* _Task item_
Your job is to write out each record precisely as it stands.
---------- Entries provided
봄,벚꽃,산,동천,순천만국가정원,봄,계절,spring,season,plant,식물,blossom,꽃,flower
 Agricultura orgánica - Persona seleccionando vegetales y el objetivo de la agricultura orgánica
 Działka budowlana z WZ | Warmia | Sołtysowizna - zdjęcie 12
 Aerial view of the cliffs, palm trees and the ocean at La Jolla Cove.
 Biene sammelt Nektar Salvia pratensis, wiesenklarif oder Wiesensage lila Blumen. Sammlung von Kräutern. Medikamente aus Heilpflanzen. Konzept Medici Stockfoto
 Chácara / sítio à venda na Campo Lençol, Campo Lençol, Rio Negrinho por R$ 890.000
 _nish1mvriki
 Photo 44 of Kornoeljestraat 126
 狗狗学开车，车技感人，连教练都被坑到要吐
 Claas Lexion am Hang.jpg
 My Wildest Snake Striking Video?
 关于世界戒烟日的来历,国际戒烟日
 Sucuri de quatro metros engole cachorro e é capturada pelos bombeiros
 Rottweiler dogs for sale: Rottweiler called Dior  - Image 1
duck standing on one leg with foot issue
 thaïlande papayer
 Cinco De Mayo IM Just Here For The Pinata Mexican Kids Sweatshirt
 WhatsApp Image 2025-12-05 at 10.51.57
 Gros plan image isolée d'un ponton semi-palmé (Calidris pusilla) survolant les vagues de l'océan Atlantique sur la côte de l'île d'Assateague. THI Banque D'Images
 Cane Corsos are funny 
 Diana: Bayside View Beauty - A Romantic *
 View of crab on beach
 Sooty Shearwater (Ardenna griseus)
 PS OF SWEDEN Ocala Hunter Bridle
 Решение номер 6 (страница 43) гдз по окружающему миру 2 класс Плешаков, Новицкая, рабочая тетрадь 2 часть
--------------------
* _Solution to the problem_
봄,벚꽃,산,동천,순천만국가정원,봄,계절,spring,season,plant,식물,blossom,꽃,flower
 Agricultura orgánica - Persona seleccionando vegetales y el objetivo de la agricultura orgánica
 Działka budowlana z WZ | Warmia | Sołtysowizna - zdjęcie 12
 Aerial view of the cliffs, palm trees and the ocean at La Jolla Cove.
 Biene sammelt Nektar Salvia pratensis, wiesenklarif oder Wiesensage lila Blumen. Sammlung von Kräutern. Medikamente aus Heilpflanzen. Konzept Medici Stockfoto
 Chácara / sítio à venda na Campo Lençol, Campo Lençol, Rio Negrinho por R$ 890.000
 _nish1mvriki
 Photo 44 of Kornoeljestraat 126
 狗狗学开车，车技感人，连教练都被坑到要吐
 Claas Lexion am Hang.jpg
 My Wildest Snake Striking Video?
 关于世界戒烟日的来历,国际戒烟日
 Sucuri de quatro metros engole cachorro e é capturada pelos bombeiros
 Rottweiler dogs for sale: Rottweiler called Dior  - Image 1
duck standing on one leg with foot issue
 thaïlande papayer
 Cinco De Mayo IM Just Here For The Pinata Mexican Kids Sweatshirt
 WhatsApp Image 2025-12-05 at 10.51.57
 Gros plan image isolée d'un ponton semi-palmé (Calidris pusilla) survolant les vagues de l'océan Atlantique sur la côte de l'île d'Assateague. THI Banque D'Images
 Cane Corsos are funny 
 Diana: Bayside View Beauty - A Romantic *
 View of crab on beach
 Sooty Shearwater (Ardenna griseus)
 PS OF SWEDEN Ocala Hunter Bridle
 Решение номер 6 (страница 43) гдз по окружающему миру 2 класс Плешаков, Новицкая, рабочая тетрадь 2 часть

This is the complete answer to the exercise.